Middle East producer QatarEnergy has lined up the next two shipowners to whom it will assign reserved and declared LNG carrier berth slots at shipbuilder Hyundai Heavy Industries in South Korea.
Those following the process said shipbuilding and charter contracts are expected to be inked before the end of this month.
Knutsen OAS Shipping will scoop a further eight LNG carrier newbuildings at the yard.
The Norwegian owner has already been signed up to two of the Qatari reserved slots at the yard this month, which would give it a total of 10 LNG vessels under the huge newbuilding programme for QatarEnergy.
In addition, Japanese shipowner NYK Line, which is understood to be operating in consortium with at least one other owner, is expected to sign up to seven LNG carrier newbuildings at the yard that will be fixed against time-charter deals with QatarEnergy.
Observers are now speculating on which owners will be linked to the remaining LNG carrier berths that have been declared by QatarEnergy.
At least one Greek shipowner, which is understood to be TMS Cardiff Gas, is said to be in the frame for the Qatari newbuildings, amid talk that a second owner could also be in the running.
Mitsui OSK Lines, which in May signed up to four out of QatarEnergy’s 16 reserved LNG berths at China’s Hudong-Zhonghua Shipbuilding (Group), is also expected to take more vessels.
Under the huge tender, which is being conducted on behalf of QatarEnergy through compatriot producer Qatargas, up to 45 berths were reserved at each of South Korea’s big three shipbuilders.
Under the overall slot reservation agreements at the three Korean and single Chinese yard, the final tally was 151 LNG newbuilding berths.
In a two-stage process, QatarEnergy declares on the reserved berths and then marries its selected owners to these slots.
At HHI, some 17 slots have now been declared and Knutsen OAS has been assigned to the first two. The Norwegian owner and NYK are expected to absorb the remaining berths.
Currently, there are 14 out of a total of 18 declared slots at Daewoo Shipbuilding & Marine Engineering, to which no owners have been assigned to as yet.
In June, DSME announced that it had signed contracts with a consortium of South Korean shipowners called K3, led by H-Line Shipping and comprising Pan Ocean and SK Shipping, for four LNG carrier newbuildings.
Similarly at Samsung Heavy Industries, where 18 berth slots have been declared, four remain unassigned.
In the last few days, it has emerged that JP Morgan’s interests have inked deals on 12 of the slots, after some intensive discussions over the charter rate on the vessels, and K3 has been assigned to two of the berths.
|Shipyard||Reserved berths (including options)||Declared berths||Shipowners||No. of vessels||Unassigned declared berths|
|Daewoo Shipbuilding & Marine Engineering||45||18||K3||4||14|
|Hyundai Heavy Industries||45||17||Knutsen||2||15|
|Samsung Heavy Industries||45||18||JP Morgan||12|
|Hudong-Zhonghua (Shipbuilding) Group||16||4||MOL||4||0|
Brokers said 2025 is now completely sold out for LNG carriers with very few berth positions remaining for 2026.

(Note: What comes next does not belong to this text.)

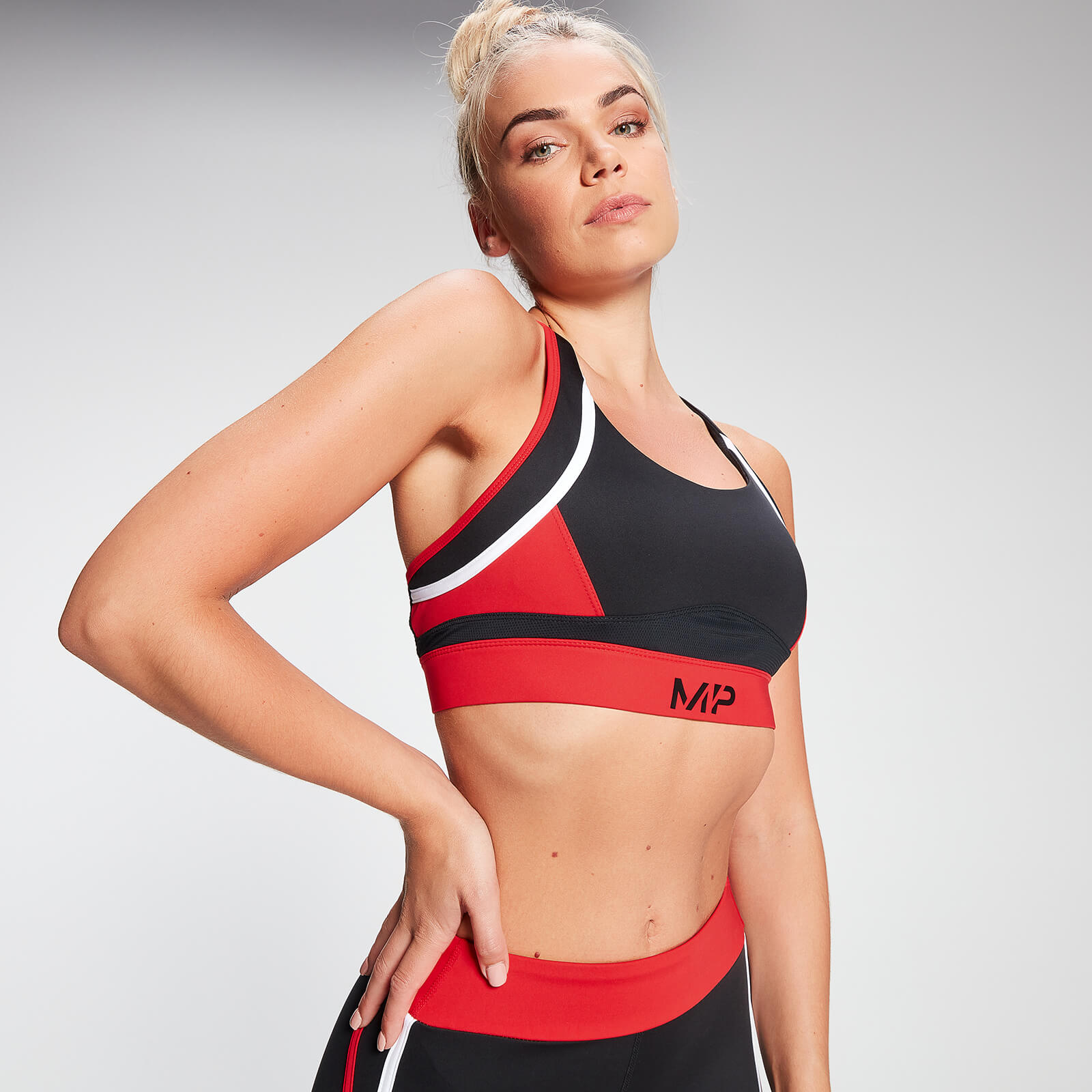 Brassière de sport colour-block convertible MP Engage pour femmes – Noire/Rouge danger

While QatarEnergy’s selected owners are paying around $215m per ship for their LNG carrier newbuildings, the most recent price paid for 2026-delivering vessels by Capital Gas is $240m.

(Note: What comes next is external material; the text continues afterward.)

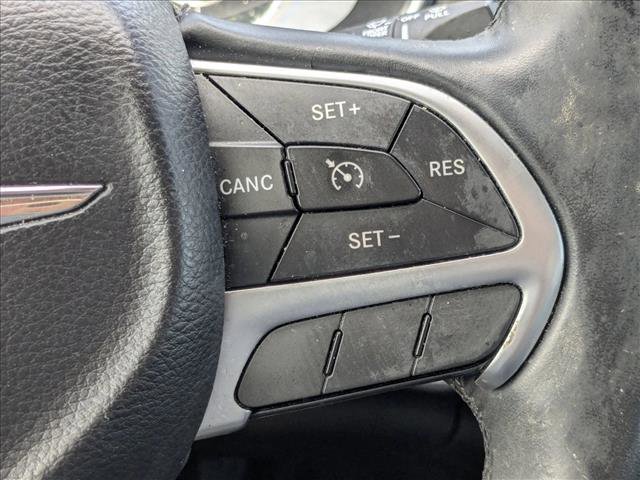 Used 2015 Chrysler 200 Limited w/ Convenience Group FWD image 5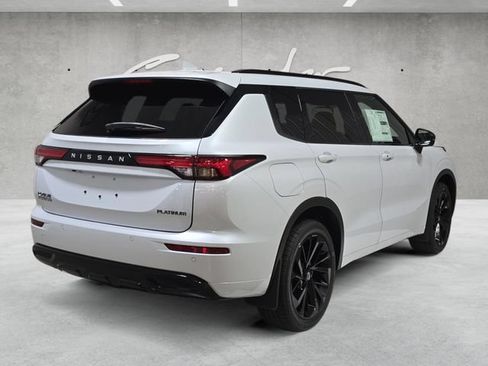 New 2026 Nissan Rogue Platinum AWD/4WD image 16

QatarEnergy needs the tonnage to serve its planned North Field East expansion project, which will push its LNG production from 77 million tonnes per annum to 110 mtpa.
The Qatari producer has been forging ahead with the project in the last few weeks, inking partnership deals with ExxonMobil, TotalEnergies, ConocoPhillips and Eni. Shell is also expected to come on board at some point.